Pessoas de verdade, como eu e você, vão a outros lugares atrás de substitutos mais baratos e de qualidade quase igual.
Dois dos meus lugares prediletos para tomar vinho a preços razoáveis são o "steak joint" Sparks, em East 46th Street, normalmente frequentado por mafiosos de bom gosto, e (curiosamente) o recém-reaberto The Oyster Bar, na Grand Central Station.
Pare de cheirar os ombros de sua Jennifer, Joãozinho, e preste atenção à última dica do mercador de vinhos Dave.
O nome do lugar é Harry's e fica na praça Hanover. É conhecido principalmente entre banqueiros nova-iorquinos que adoram vinho -um grupo célebre por sua capacidade de espremer a última gota de valor de cada dólar.
Segundo a sondagem da Zagat, o Harry's oferecia vinho aos melhores preços da cidade. O Harry's tinha 62 dos menores preços registrados e nenhum dos mais altos.
Um exemplo: um Jordan Cabernet Sauvignon ano 1984 custa US$ 55 ali, contra US$ 175 no The Park Avenue Cafe. O Cheval Blanc 1982 sai por US$ 795 no Harry's, contra US$ 2.600 no Le Cirque. A lista do Harry's abrange 586 vinhos.
Por falar nisso, Harry existe. Trata-se de Harry Poulakakos, o simpático proprietário grego que se mantém sempre atento para defender os interesses líquidos de seus fregueses.
Seu segredo é amplamente conhecido. Harry compra em grande quantidade e conserva suas margens de lucro no nível mínimo possível.
De modo geral, o velho saca-rolhas Dave recomenda que você evite os restaurantes mais caros, onde um vinho de baixo preço é tão fácil de conseguir quanto uma reserva.
Infelizmente, a culpa pelos preços pavorosos dos vinhos em Manhattan deve ser atribuída em doses iguais a Bill "Zipergate" Clinton e Fernandinho "Brasil em Ação" Cardoso. Cada país tem o milagre econômico que merece.
Bill Gates
E agora, uma notícia que acaba de chegar quentinha da Internet: ENCONTRADO BILL GATES DEPOIS DE PASSAR SEIS SEMANAS PERDIDO EM SUA PRÓPRIA CASA.
O gazilionário Bill Gates, 43, foi encontrado ontem no quarto de hóspedes de um dos apartamentos de sua casa de 40 mil pés quadrados em Seattle, jogando uma versão mural de Tetrus (o jogo, não o vinho).

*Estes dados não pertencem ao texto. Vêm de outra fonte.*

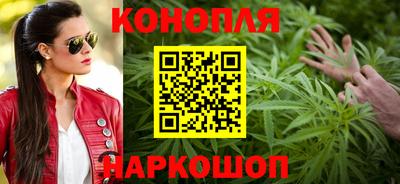 мескалин Свободный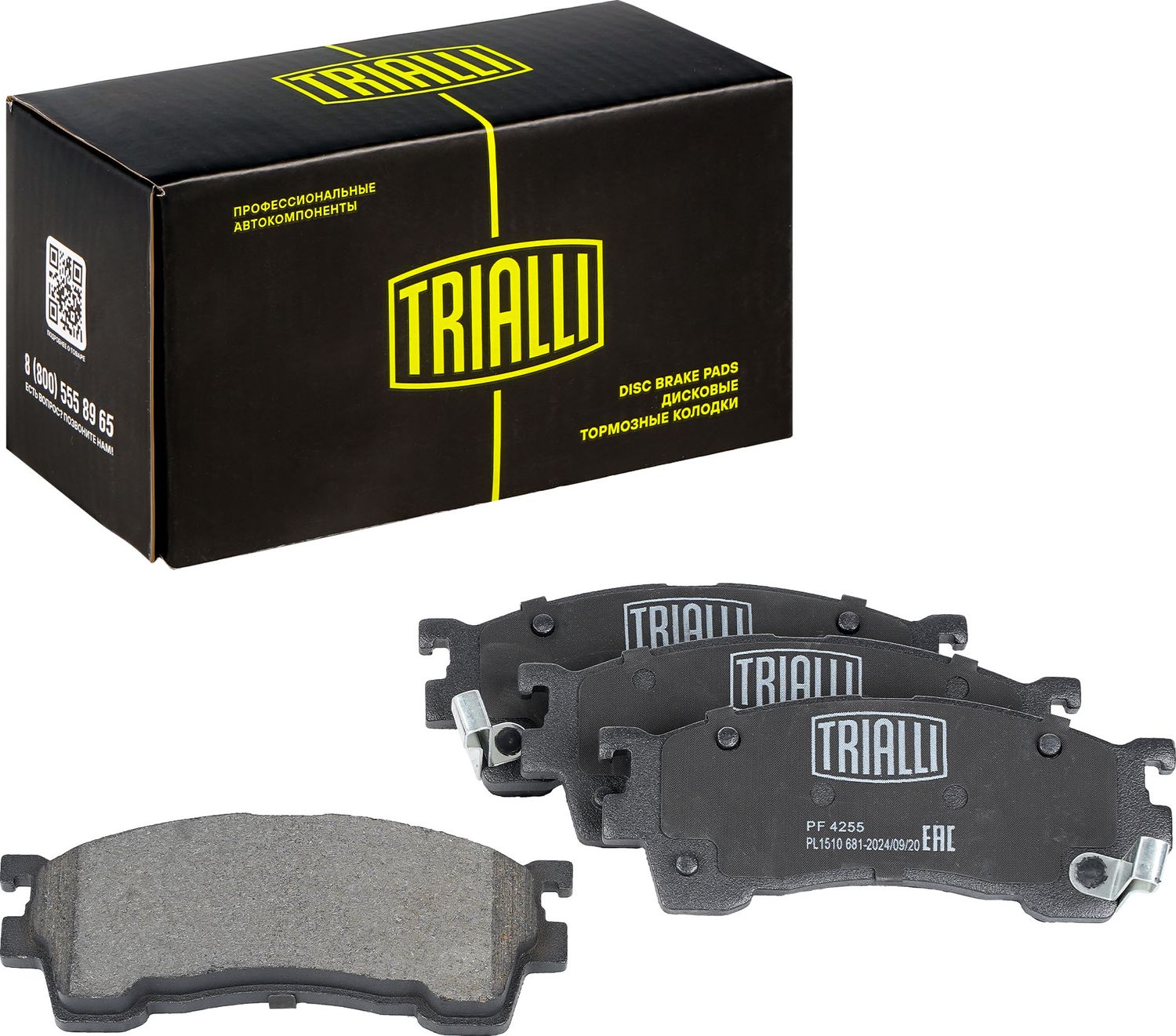 Тормозные колодки Trialli (Low-Metallic) передние для Mazda Premacy I (CP) 1999-2005. Артикул PF 4255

"Levou pelo menos três semanas para darmos pela falta dele", disse sua esposa, Melinda, "e, felizmente, Bill não estava andando por aí -se estivesse, jamais o teríamos encontrado. Ele se lembrou da primeira regra de sobrevivência em casas hightech enormes: 'Fique onde está até o socorro chegar'".